[Exercise details]
Repeat each entry word for word. Leave any images out of the copy.

----

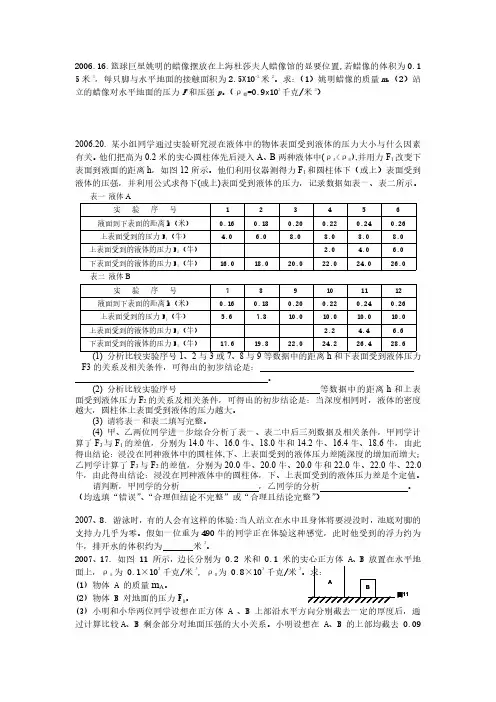 上海初三物理中考原题压力压强2006--2014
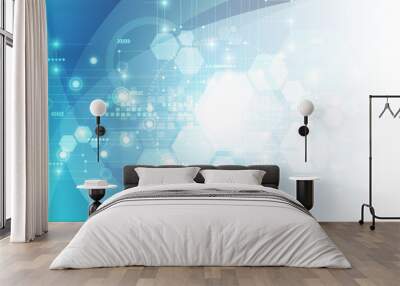 abstract futuristic digital technology background. illustration vector Wall mural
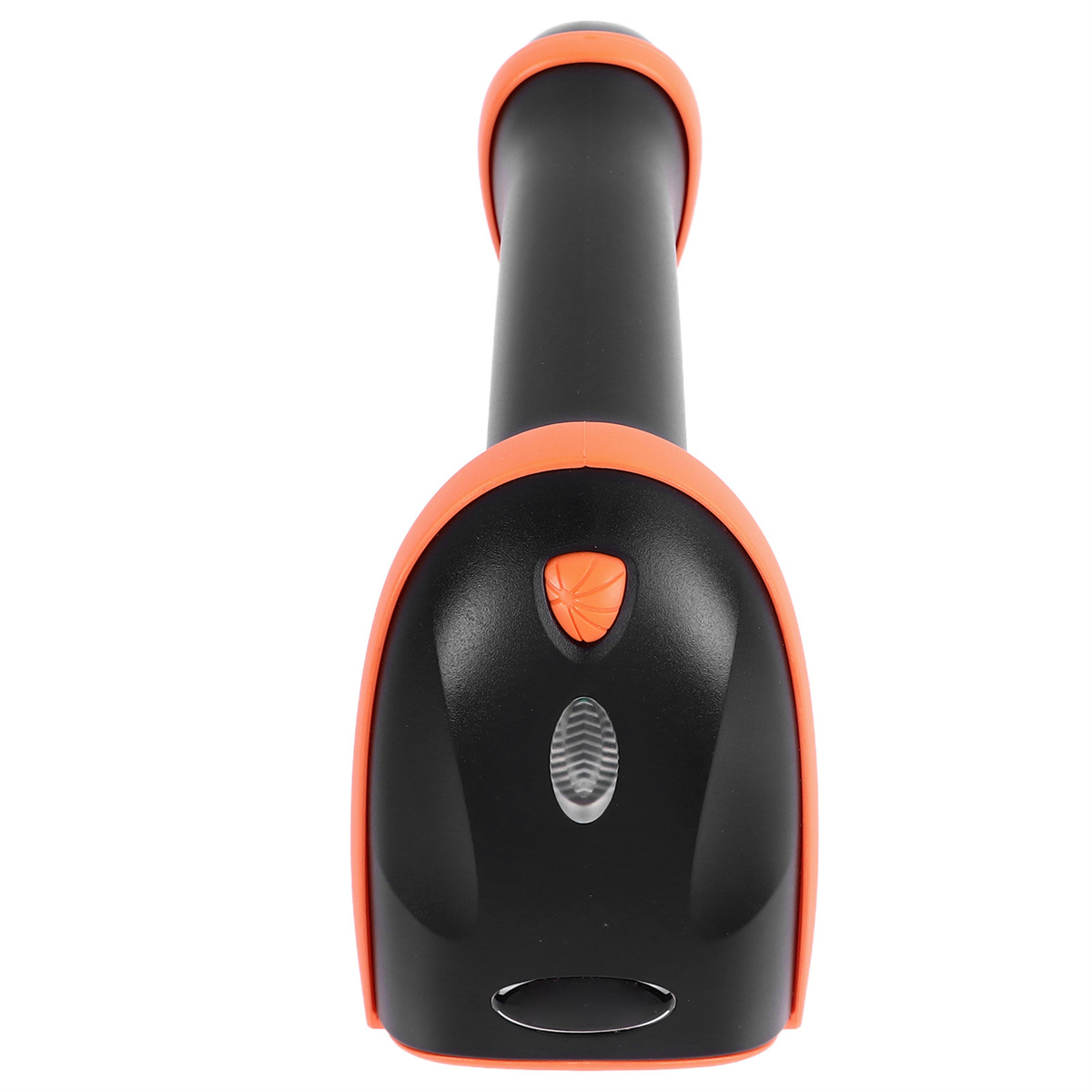 Ein schwarz-oranger Barcodescanner wird von oben nach unten gezeigt.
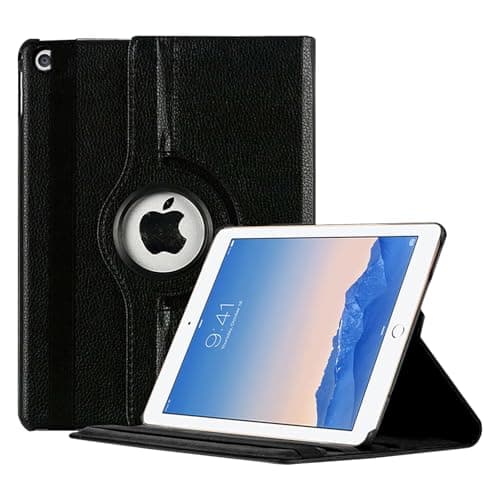 Image of Case For iPad Air 2 / Air 2nd Generation 9.7 inch 2014, Premium PU Leather Flip Shockproof 360 Rotating Smart Stand Protective Folio Cover - Black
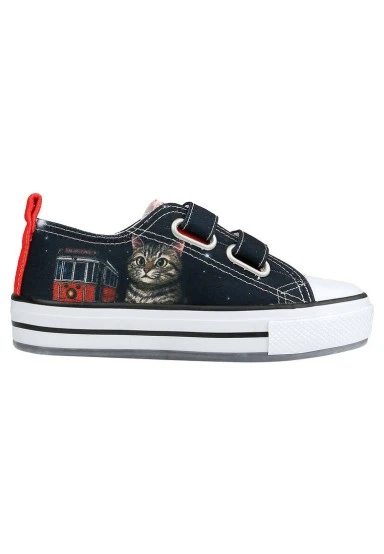 Unisex Enfant Végan Baskets Lumineuses à Scratch Noir - Paws on Taksim Motif - 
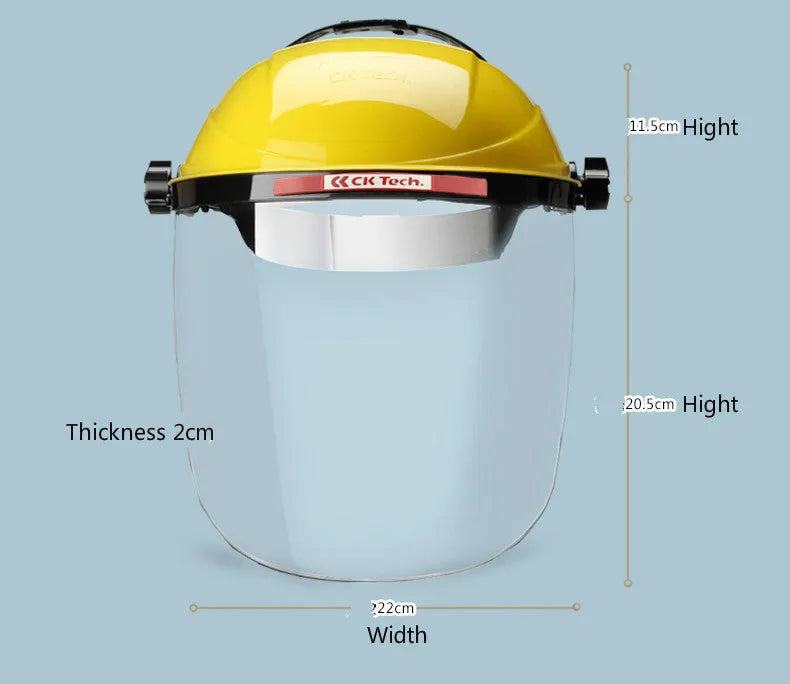 Heat-proof oil fume mask PC face shield in black, blue, orange, pink, or yellow for kitchen cooking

----

[Written reply]
 上海初三物理中考原题压力压强2006--2014
 abstract futuristic digital technology background. illustration vector Wall mural
 Ein schwarz-oranger Barcodescanner wird von oben nach unten gezeigt.
 Image of Case For iPad Air 2 / Air 2nd Generation 9.7 inch 2014, Premium PU Leather Flip Shockproof 360 Rotating Smart Stand Protective Folio Cover - Black
 Unisex Enfant Végan Baskets Lumineuses à Scratch Noir - Paws on Taksim Motif - 
 Heat-proof oil fume mask PC face shield in black, blue, orange, pink, or yellow for kitchen cooking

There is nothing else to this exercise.